Every one gets horny and I know sometimes you wanna dry hum anyone and anything but to take that shit literally and try and fuck a horse.Turns out a Michigan was caught fucking a horse, pants down nogal. More after the jump:
According to the Huffington Post, Mester was caught on tape feeding a thoroughbred mare from a bucket. And then, according to police, he flipped that fucking bucket over, stood on it, lifted the stable sheet and had sexual intercourse with the animal.
"Holy Shit!" |
Sgt. Fritz Sandberg of the Clinton County Sheriff's Office said: "I have been in law enforcement for 30 years and this is definitely a bizarre case." Speak for yourself, Sarg, this shit is old hat around these parts.

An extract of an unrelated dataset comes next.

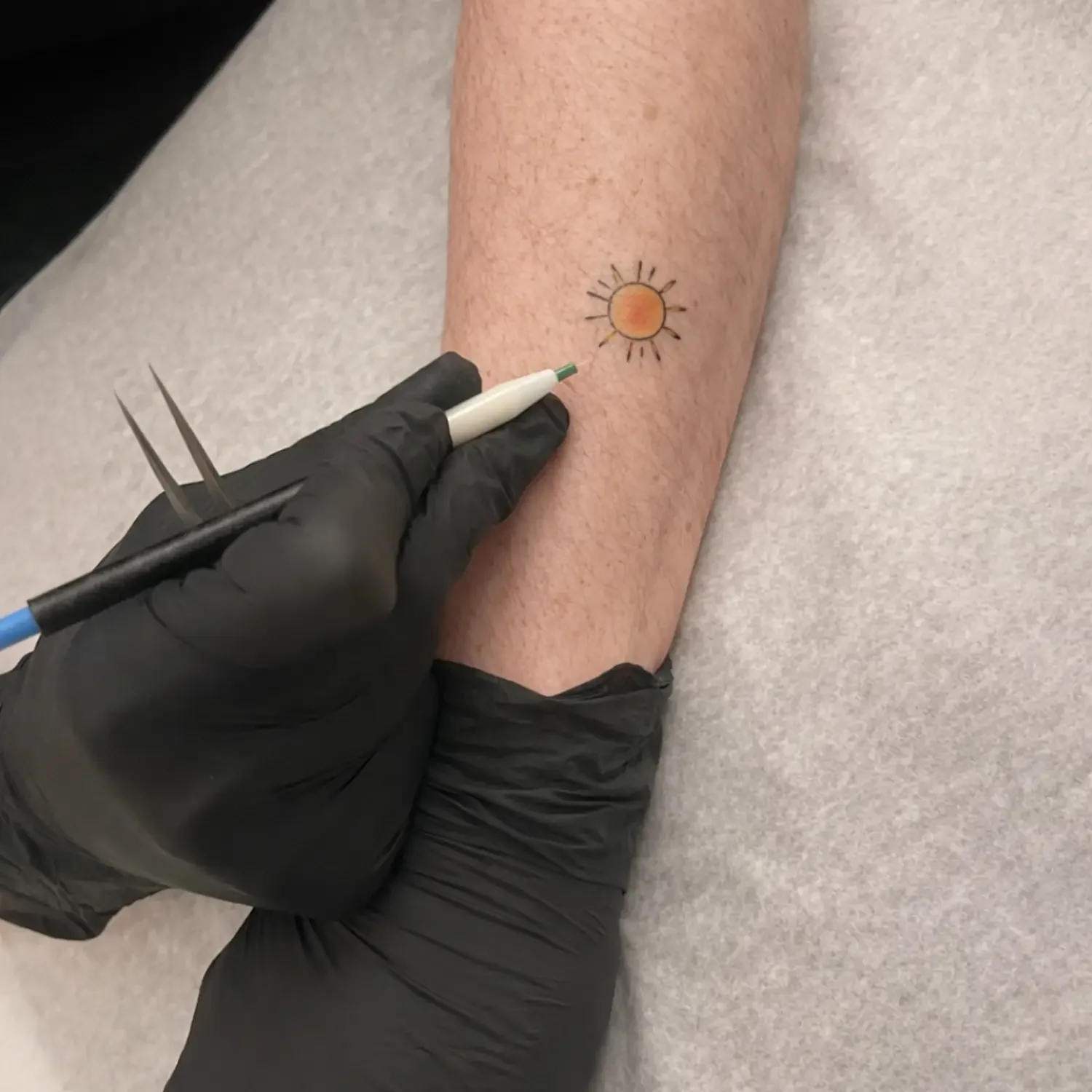 Electrolysis Over Tattoo for Safe and Permanent Hair Removal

This won't come as much of a surprise given what I just wrote, but this marks the second time Mester has been accused of bestiality in the last 10 years. This time he has been charged with one count of committing sodomy and one count of aggravated indecent exposure. He is facing up to 15 years in prison if he's convicted. Last time he spent 30 days behind bars. Good call there, judge. It takes months to quit smoking and you expected this guy to kick a horse-fucking habit in 30 days.
"End Result" |
You hear about all kinds of off-the-wall shit these days -- mainly because we have access to every news story in the country -- but what kind of catastrophe took place in these people's lives that fucking a horse dawned on them as the thing to do? I get murder, I get robbery, I can even cope with a few corpse-fuckers roaming the earth, but animal fucking is my line in the sand. Well, that and children. You molest a child you should get fucked by a rocket launcher.
My guess is dude grew up watching to many episodes of My Little Pony and had a fetish since he was a kid! I'm happy that he had the decency to treat the horse like a lady, atleast he fed her before he mounted her.